CHAPTER 3

18 0 0
                                    

"Lo bisa ya sedeket itu sama nyokap?" tanya Hira selesai mereka makan. Mama Ilham sudah berangkat, dan sekarang mereka berdua tengah berada di bangku kebun belakang rumah Ilham.

"Ya gimana ya Ra, gue juga nggak tau," jawab Ilham sedikit bingung, menghisap rokok yang terjepit antara jari tengah dan telunjuknya kemudian menghembuskannya perlahan, "Emang hubungan lo sama nyokap masih kaya dulu?" Ilham gantian bertanya.

"Iya, masih kaya dulu.
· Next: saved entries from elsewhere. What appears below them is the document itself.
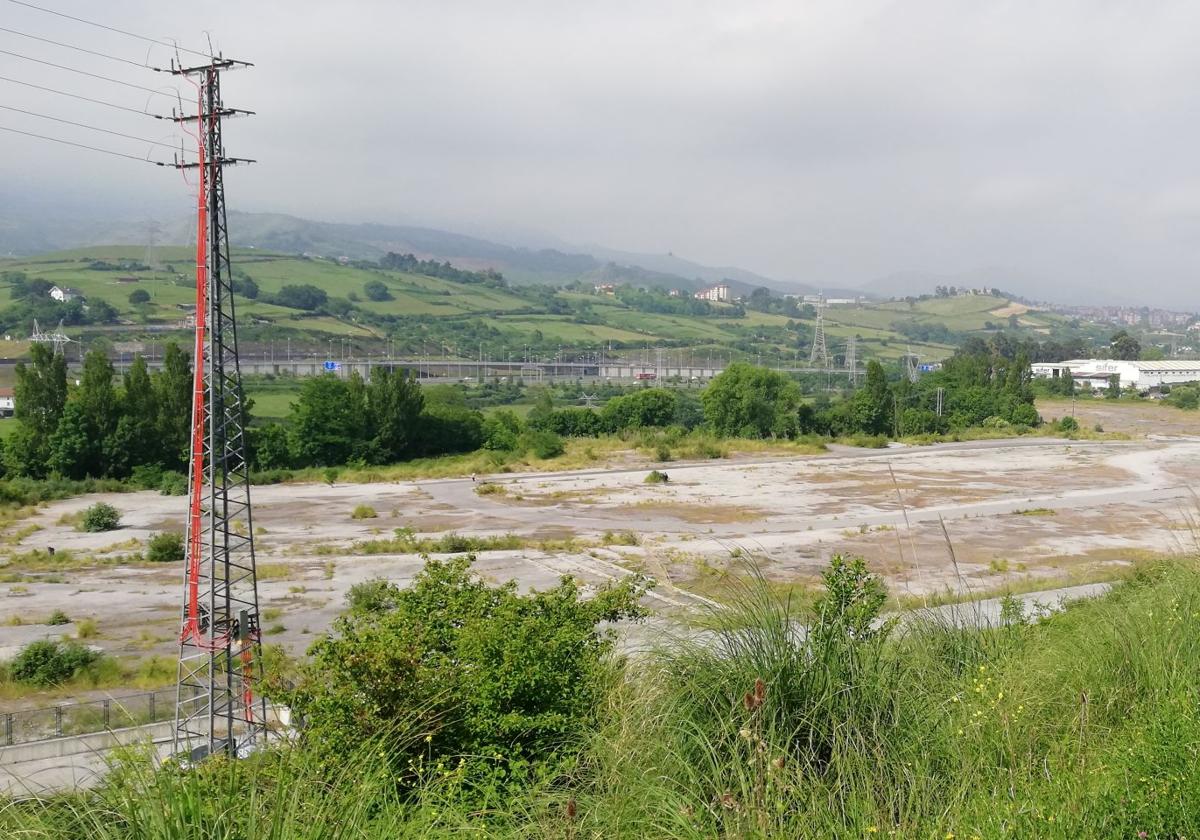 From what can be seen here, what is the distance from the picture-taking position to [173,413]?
5531cm

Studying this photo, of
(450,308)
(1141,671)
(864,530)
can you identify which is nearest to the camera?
(1141,671)

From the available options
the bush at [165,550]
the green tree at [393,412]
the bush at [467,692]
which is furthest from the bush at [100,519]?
the bush at [467,692]

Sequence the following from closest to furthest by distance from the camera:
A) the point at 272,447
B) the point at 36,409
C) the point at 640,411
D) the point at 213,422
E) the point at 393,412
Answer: the point at 213,422 < the point at 36,409 < the point at 272,447 < the point at 393,412 < the point at 640,411

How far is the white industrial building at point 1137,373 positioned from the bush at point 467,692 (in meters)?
132

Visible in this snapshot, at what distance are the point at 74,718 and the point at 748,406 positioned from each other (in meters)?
61.9

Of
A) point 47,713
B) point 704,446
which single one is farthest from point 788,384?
point 47,713

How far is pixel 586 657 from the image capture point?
328 inches

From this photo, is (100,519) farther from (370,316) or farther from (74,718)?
(370,316)

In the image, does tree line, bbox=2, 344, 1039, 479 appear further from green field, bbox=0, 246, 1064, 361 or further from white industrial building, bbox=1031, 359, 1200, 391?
green field, bbox=0, 246, 1064, 361

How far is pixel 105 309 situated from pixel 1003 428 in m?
102

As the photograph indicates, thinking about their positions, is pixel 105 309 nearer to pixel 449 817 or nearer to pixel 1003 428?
pixel 1003 428

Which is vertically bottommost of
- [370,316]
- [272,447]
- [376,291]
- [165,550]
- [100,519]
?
[100,519]

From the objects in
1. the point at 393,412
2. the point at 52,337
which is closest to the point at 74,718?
the point at 393,412

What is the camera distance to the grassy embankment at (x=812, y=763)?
3641mm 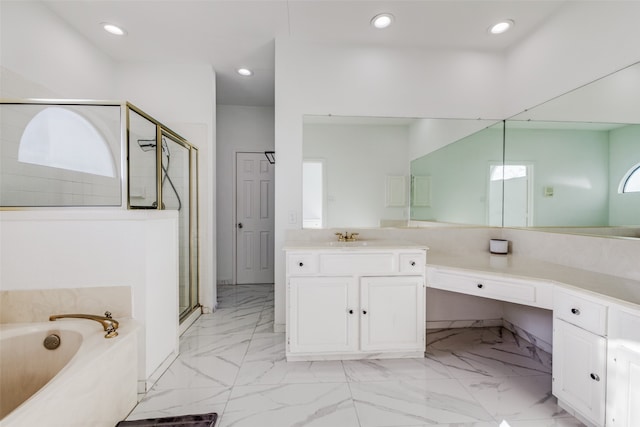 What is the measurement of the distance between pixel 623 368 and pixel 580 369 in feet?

Sungkan rasanya Ham buat nyapa nyokap duluan, sama Nadir juga. Padahal nyokap sama Nadir bisa tuh akrab satu sama lain,"

"Dibiasain aja Ra, lama-lama juga lo nggak akan sungkarn lagi,"

Hira menggelengkan kepala, "Garing malah jadinya, terus gue nyerah deh. Akhirnya main lagi deh gue, balik kaya dulu lagi,"

Ilham tersenyum miris, "Lo mah pantesnya jadi anak nyokap gue. Kompak noh satu sama lain. Klop banget kalo disuruh bully gue,"

"Eh iya ya, kok bisa ya?" ujar Hira seraya menggaruk kepalanya yang tidak gatal.

Hening. Entah apa yang mereka berdua pikirkan saat itu. Namun Hira merasakan perasaan nyaman yang tidak ia temui ketika ia berada di rumah. Di sini, memandang kebun yang dipenuhi berbagai macam tanaman yang terawat rapi, duduk di samping Ilham, ia merasa nyaman. Tidak pernah terpikirkan olehnya bahwa dua tahun lalu ia akan bertemu dengan seorang laki-laki yang kelak akan ia anggap menjadi abangnya sendiri.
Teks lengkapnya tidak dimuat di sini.